◆ **Directions**: Go through the listing and copy every line word for word.

§

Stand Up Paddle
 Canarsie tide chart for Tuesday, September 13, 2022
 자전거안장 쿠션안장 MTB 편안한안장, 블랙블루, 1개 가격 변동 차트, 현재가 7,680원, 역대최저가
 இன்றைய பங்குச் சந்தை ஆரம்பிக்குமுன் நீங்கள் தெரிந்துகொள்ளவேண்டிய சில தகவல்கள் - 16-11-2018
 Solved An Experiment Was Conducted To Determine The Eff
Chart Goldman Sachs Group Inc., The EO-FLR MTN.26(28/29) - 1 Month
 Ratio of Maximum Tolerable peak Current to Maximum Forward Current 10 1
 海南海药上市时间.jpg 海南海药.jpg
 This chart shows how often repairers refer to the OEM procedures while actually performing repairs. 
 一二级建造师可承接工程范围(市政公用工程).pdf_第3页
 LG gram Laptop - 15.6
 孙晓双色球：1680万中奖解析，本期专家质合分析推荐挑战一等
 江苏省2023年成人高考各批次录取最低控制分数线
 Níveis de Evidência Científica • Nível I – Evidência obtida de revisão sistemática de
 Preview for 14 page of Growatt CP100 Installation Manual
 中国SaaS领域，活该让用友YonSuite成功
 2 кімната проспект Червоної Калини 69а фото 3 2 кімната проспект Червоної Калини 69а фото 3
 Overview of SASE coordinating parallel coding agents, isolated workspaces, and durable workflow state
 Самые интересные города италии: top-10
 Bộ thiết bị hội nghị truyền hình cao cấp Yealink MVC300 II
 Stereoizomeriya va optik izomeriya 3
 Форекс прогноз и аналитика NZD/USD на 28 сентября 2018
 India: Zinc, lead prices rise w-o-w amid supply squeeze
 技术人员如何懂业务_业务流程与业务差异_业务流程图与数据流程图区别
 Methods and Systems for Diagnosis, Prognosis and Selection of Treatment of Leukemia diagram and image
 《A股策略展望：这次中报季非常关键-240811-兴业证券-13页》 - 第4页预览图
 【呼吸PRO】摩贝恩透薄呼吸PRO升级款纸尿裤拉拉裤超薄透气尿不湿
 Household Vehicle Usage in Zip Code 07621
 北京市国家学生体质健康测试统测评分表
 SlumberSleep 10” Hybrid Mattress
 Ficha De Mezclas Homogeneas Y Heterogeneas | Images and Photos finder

§

◆ **Exercise output**:
Stand Up Paddle
 Canarsie tide chart for Tuesday, September 13, 2022
 자전거안장 쿠션안장 MTB 편안한안장, 블랙블루, 1개 가격 변동 차트, 현재가 7,680원, 역대최저가
 இன்றைய பங்குச் சந்தை ஆரம்பிக்குமுன் நீங்கள் தெரிந்துகொள்ளவேண்டிய சில தகவல்கள் - 16-11-2018
 Solved An Experiment Was Conducted To Determine The Eff
Chart Goldman Sachs Group Inc., The EO-FLR MTN.26(28/29) - 1 Month
 Ratio of Maximum Tolerable peak Current to Maximum Forward Current 10 1
 海南海药上市时间.jpg 海南海药.jpg
 This chart shows how often repairers refer to the OEM procedures while actually performing repairs. 
 一二级建造师可承接工程范围(市政公用工程).pdf_第3页
 LG gram Laptop - 15.6
 孙晓双色球：1680万中奖解析，本期专家质合分析推荐挑战一等
 江苏省2023年成人高考各批次录取最低控制分数线
 Níveis de Evidência Científica • Nível I – Evidência obtida de revisão sistemática de
 Preview for 14 page of Growatt CP100 Installation Manual
 中国SaaS领域，活该让用友YonSuite成功
 2 кімната проспект Червоної Калини 69а фото 3 2 кімната проспект Червоної Калини 69а фото 3
 Overview of SASE coordinating parallel coding agents, isolated workspaces, and durable workflow state
 Самые интересные города италии: top-10
 Bộ thiết bị hội nghị truyền hình cao cấp Yealink MVC300 II
 Stereoizomeriya va optik izomeriya 3
 Форекс прогноз и аналитика NZD/USD на 28 сентября 2018
 India: Zinc, lead prices rise w-o-w amid supply squeeze
 技术人员如何懂业务_业务流程与业务差异_业务流程图与数据流程图区别
 Methods and Systems for Diagnosis, Prognosis and Selection of Treatment of Leukemia diagram and image
 《A股策略展望：这次中报季非常关键-240811-兴业证券-13页》 - 第4页预览图
 【呼吸PRO】摩贝恩透薄呼吸PRO升级款纸尿裤拉拉裤超薄透气尿不湿
 Household Vehicle Usage in Zip Code 07621
 北京市国家学生体质健康测试统测评分表
 SlumberSleep 10” Hybrid Mattress
 Ficha De Mezclas Homogeneas Y Heterogeneas | Images and Photos finder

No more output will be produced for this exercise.